WORK ITEM =
Further down are entries; set down exactly and only the lines from the one with "Simulacro de accidente" up to and including the one with "Sergio Agüero redondeó", dropping each picture.

DATA =
==*==
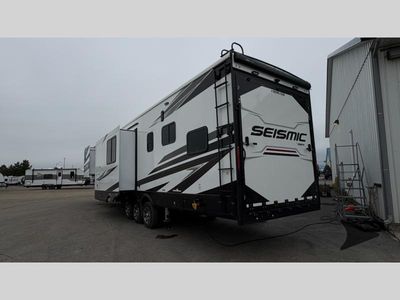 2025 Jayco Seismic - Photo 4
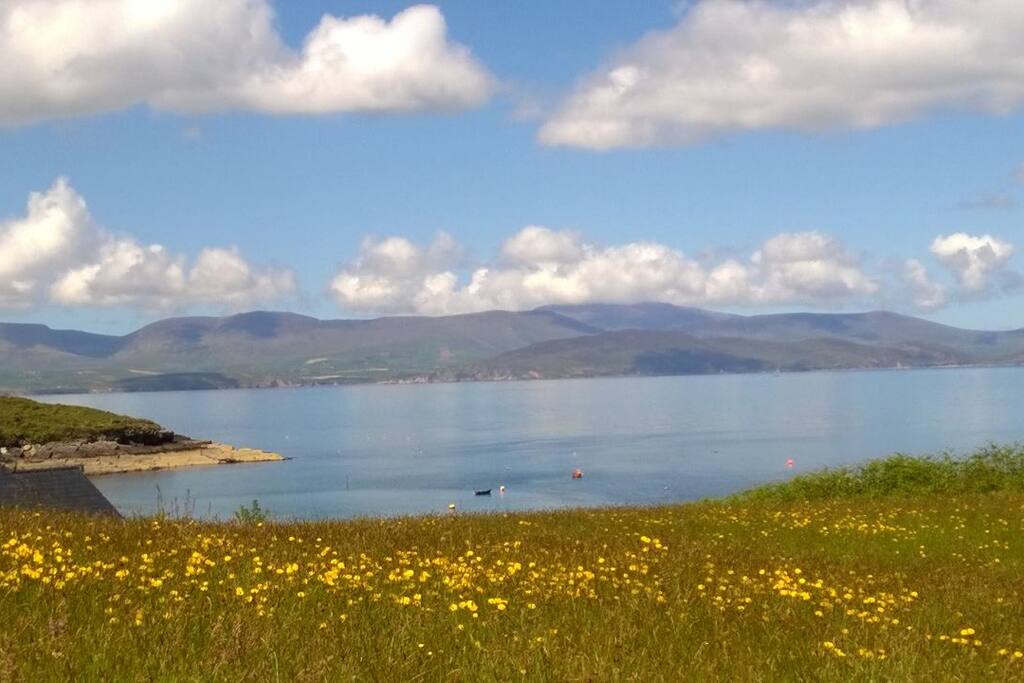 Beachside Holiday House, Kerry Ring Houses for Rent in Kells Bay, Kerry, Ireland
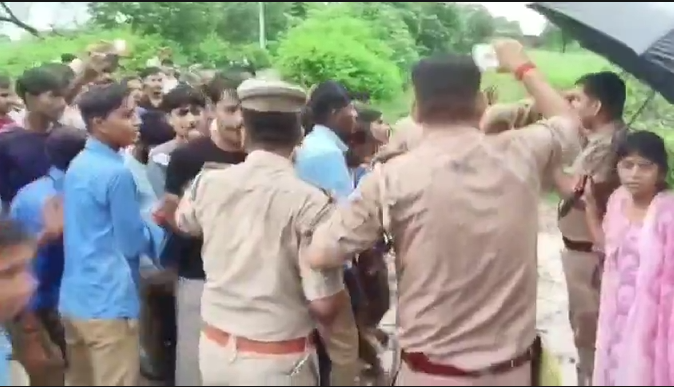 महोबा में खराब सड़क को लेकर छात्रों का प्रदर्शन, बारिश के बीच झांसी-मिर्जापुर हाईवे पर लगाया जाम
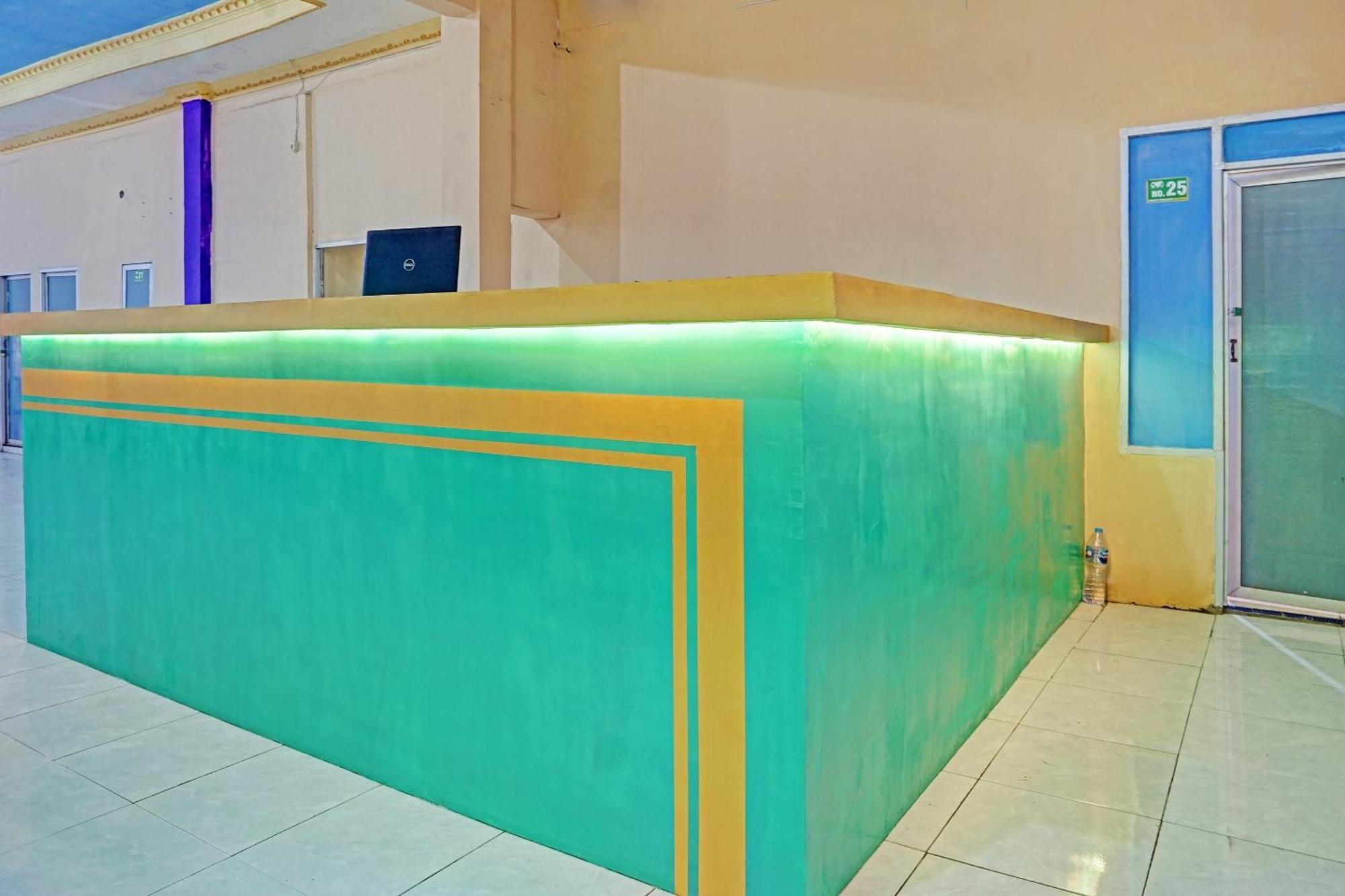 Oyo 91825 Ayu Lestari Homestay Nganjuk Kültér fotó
==*==
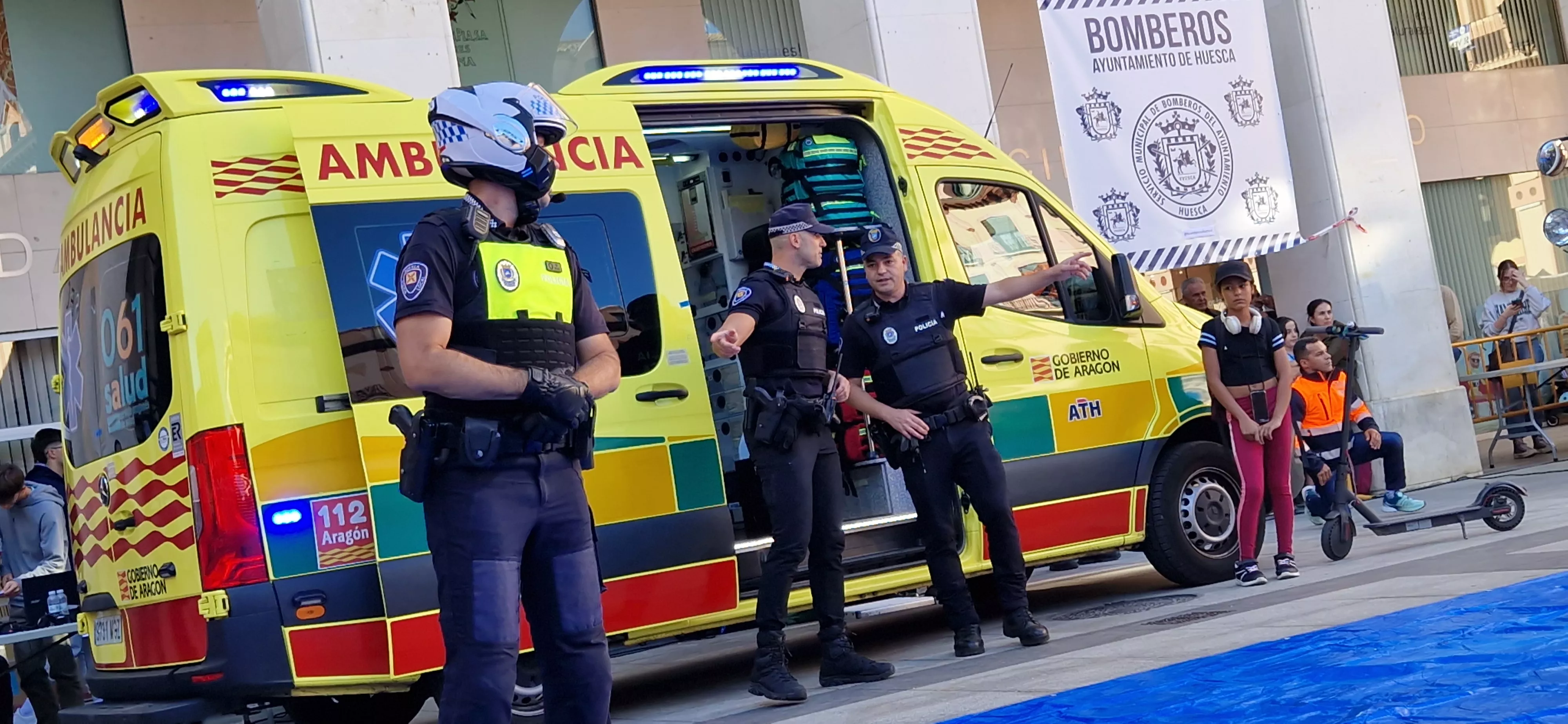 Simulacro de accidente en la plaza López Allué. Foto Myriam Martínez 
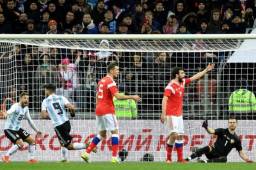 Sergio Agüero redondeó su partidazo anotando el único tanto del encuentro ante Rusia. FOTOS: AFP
==*==
TASK ANSWER =
 Simulacro de accidente en la plaza López Allué. Foto Myriam Martínez 
 Sergio Agüero redondeó su partidazo anotando el único tanto del encuentro ante Rusia. FOTOS: AFP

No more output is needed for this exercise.